Jinan smiles at her like she's a street cat he's coaxing near him. "Dinner isn't ready yet. Cosette, why don't you show her the house?"

"Okay. Come," Cosette says, dragging Éponine out of the kitchen and into the house itself. "First the garden. Baba tends it by himself."

"The garden last," Jinan says. "You'll track dirt everywhere, _habibti_."

-

Reciprocity is Éponine introducing Cosette to her siblings. Gavri already knows her, because he's always around, but he doesn't know her as Éponine's girlfriend, and Zelma's never met Cosette. So Éponine waits until Zelma has a weekend at home and drags her siblings out of the house on Friday morning.

They go to a café, sit around a table too small for all the little bowls of cheese and avocado and tahini that the waitress brings, and wait for Cosette to show up.

"Shit, your girlfriend's hot," Zelma says.

It's central Tel Aviv, so no one bats an eyelash, but Éponine glances around anyway. Cosette looks like she'd like to hold Éponine's hand, but refrains.

-

When Éponine first meets Enjolras, she wants to slap him across his stupid speechifying face. He's speaking about something, social change, the downtrodden masses of et cetera. He's blond and handsome and all his clothes are new, and his Hebrew is so precise it's like listening to the radio.

"Ashkanazi maniac, what does he understand about life," she mutters. "What happened, mom and dad didn't buy you the new iPhone?"

"He prefers Android, actually," says a tall, gangly boy with a kippa perched on his head. "Do you have Malka Beer?"

"No," Éponine says. "You with him?" She jerks her head towards the ranting Enjolras. She's never hated open mike night so much.

"Kind of," he says. "I'm his ride home."

"To Caesarea?" she asks.

"The Tel Aviv University dorms aren't exactly Caesarea."

(When Éponine first meets Combeferre, she judges his taste in beer, glasses, and clothing.)

-

"Do you want to go to Pride?" Cosette asks hesitantly.

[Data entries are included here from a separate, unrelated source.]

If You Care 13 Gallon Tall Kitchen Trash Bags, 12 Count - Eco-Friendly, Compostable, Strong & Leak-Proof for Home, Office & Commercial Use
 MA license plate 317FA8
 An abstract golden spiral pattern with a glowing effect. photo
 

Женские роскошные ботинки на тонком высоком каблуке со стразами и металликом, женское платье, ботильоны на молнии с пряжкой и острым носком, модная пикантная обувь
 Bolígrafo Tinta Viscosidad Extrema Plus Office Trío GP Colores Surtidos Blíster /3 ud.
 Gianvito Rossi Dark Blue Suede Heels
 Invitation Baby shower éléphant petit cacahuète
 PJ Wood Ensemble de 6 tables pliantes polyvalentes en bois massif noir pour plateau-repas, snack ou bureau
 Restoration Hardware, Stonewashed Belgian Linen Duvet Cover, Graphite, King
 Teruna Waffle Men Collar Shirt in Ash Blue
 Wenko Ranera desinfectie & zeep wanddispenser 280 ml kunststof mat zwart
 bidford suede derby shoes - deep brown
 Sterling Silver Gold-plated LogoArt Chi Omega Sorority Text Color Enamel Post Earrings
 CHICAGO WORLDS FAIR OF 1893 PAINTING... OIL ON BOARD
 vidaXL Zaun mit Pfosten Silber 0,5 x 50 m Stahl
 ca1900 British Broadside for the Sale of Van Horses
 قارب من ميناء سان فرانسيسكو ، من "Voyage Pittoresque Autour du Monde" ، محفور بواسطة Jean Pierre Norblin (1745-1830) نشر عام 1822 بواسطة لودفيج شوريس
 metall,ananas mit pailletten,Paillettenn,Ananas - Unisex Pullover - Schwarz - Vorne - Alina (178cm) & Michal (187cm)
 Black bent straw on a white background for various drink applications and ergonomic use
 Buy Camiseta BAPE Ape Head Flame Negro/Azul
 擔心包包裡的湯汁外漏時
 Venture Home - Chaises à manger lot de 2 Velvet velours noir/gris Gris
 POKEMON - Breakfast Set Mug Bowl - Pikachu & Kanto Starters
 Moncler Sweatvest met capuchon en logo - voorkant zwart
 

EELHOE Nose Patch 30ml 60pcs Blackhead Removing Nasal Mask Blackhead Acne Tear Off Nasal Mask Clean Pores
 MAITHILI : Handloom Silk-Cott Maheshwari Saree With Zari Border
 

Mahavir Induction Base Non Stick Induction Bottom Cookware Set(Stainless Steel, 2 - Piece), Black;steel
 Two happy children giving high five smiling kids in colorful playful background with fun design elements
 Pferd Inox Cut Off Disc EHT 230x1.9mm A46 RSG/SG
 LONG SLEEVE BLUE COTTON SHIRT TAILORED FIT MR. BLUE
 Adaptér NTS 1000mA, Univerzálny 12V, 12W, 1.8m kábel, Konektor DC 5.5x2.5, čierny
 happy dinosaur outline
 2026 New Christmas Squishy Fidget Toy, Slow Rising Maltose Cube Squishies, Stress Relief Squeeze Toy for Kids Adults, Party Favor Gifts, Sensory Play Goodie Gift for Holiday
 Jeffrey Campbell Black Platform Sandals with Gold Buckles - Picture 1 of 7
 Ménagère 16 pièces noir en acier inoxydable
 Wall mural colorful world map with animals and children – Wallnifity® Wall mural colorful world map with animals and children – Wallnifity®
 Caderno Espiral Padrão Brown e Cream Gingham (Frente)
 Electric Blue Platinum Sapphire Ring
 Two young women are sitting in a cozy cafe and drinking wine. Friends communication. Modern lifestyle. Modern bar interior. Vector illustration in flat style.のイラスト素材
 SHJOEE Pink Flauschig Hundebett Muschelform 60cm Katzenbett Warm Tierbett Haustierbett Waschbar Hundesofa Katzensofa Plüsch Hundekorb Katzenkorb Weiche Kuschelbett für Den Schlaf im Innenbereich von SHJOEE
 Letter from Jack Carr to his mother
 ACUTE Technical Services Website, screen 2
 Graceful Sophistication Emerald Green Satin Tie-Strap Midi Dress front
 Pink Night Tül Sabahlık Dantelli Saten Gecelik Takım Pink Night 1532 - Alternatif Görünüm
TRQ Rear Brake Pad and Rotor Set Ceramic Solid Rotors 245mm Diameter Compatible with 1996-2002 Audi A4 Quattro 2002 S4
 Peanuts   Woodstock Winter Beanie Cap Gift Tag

Éponine thinks about the knifings last year, about the stupid singer the city brought in for the show, about how her siblings would be alone if she died, about how she's a Mizrahi Jewish girl dating a Muslim Filipino girl.

"Not really," she says.

-

Nothing is safe. They live in a country where she could get stabbed on the way back from work and it wouldn't really be news. The rockets from Gaza reach Tel Aviv now, not to mention Beer Sheva, where Éponine spends most of her time. If she drove an hour away from her apartment, she wouldn't be able to hold her girlfriend's hand in public. There's lead in her coffee, apparently.

Perhaps this should inspire Éponine to live freely and openly. Instead, she holds her keys in a death grip when she's walking home at night and never, ever kisses Cosette outside.

-

Galgalatz is playing the newest summer hit. It's painfully bad. Cosette sings along with it, under her breath.

"Put on Eco 99 FM," Éponine grumbles.

"It's a good song," Cosette protests.

"No it isn't."

"I'm driving," Cosette points out.

Éponine huffs a breath and folds her arms, pointedly glaring at the radio.

A few minutes later:

" _Mami_ , please let me change the station."

"Fine," Cosette says. She tunes into an Arab station, which fills the car with a mixture of static and rapid chatter. Éponine slaps her hand away, fighting her giggling girlfriend for control of the radio until she finds something that actually plays music.

“You are beautiful, my wife, your lips are scarlet thread,” Cosette sings tunelessly, drowning out the song.

-

The garden is beautiful. The walls containing it somehow make it seem like perfectly shaped artwork. Éponine watches Cosette worm her toes into the dirt, like she's taking root. For a moment she's inadequate, out of place; this is where Cosette was planted, where she bloomed.

Then the moment's passed. She brushes her wrist against Cosette's shoulder, drapes both arms around her. Cosette bends her head and kisses her fingers.

"Girls, dinner's ready," Jinan calls.

"Coming, Baba!" Cosette shouts.

"Wipe your feet!"

Cosette makes an indignant noise.

Éponine laughs, pressing the sound into Cosette's smooth, soft hair. She smells like flowers.

**Author's Note:**

> Hi! You've arrived at the end. If you have questions, I am happy to answer them.
> 
> Mizrahi: Jewish person of North African origin.  
> Ashkenazi: Jewish person of European origin. (White.)  
> Eyal Golan: singer. Popular. Not my cup of tea.  
> Ahalan: hello in Arabic.  
> Habibti: my dear in Arabic.  
> Mami: a Hebrew term of endearment.  
> Caesarea: rich people town.
> 
> Title and all song quotes from ["You are beautiful"](https://www.youtube.com/watch?v=b8lNNVrRUxU) by Idan Raichel, which is such an eposette song.


End file.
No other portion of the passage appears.